The first of those revisions to the National Code was introduced on 20 January 2026 when new rules were published to effectively ban education providers from offering commissions to education agents when an onshore student transfers to another course/institution that is not mentioned on the student’s visa.
Most recently, a 24 February update from the Australian Skills Quality Authority (ASQA) further expands on the new transparency thresholds for education agents. ASQA is the national regulator for Australia's vocational education and training (VET) sector, and its latest guidance contains some important updates with respect to provider reporting on the use of education agents as well as the responsibility to disclose conflicts of interest.
The AQSA guidance also reveals that providers will soon be able to access more agent data via Australia's PRISMS system (Provider Registration and International Student Management System).
Specifically, AQSA refers to the ESOS Act's empowerment of the Department of Education to gather data on agent performance, including:
- The number of students admitted to AQSA-accredited providers referred by education agents
- The number of student visa applications made by students supported by an agent, and the number granted or refused for each agency
- Course completion statistics for agent-referred students
AQSA adds that:
"More information about education agents will be made available to providers through PRISMS, in addition to the existing education agent data that is available. Providers will be able to access information about all agents used by all providers, not just the education agents they currently work with."

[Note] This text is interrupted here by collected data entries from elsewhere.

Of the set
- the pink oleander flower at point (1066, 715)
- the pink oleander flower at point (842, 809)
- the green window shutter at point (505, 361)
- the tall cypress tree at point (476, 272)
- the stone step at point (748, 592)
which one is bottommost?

That additional detail is understood to include reporting on:
- The number of onshore transfers associated with a given agent
- Information about agent commissions
Ownership disclosures
ASQA requires that regulated providers maintain a list of education agents they are working with, and that those agent relationships must be disclosed in PRISMS and also published on the provider's website.
The regulator now also explicitly requires that providers notify it of any conflicts of interest arising from agency control or ownership. This amounts to a duty for registered providers to inform ASQA if their institution (or some associate of the provider) assumes a position of ownership or control with respect to an education agency. Similarly, providers must also disclose if an education agent begins to own or control the provider.
Non-compliance, cautions ASQA, is "a strict liability offence," meaning that the offence is committed even in the absence of fault or criminal intent. Providers are referred to ASQA's additional guidance (and templates) for ownership and control reporting for additional detail.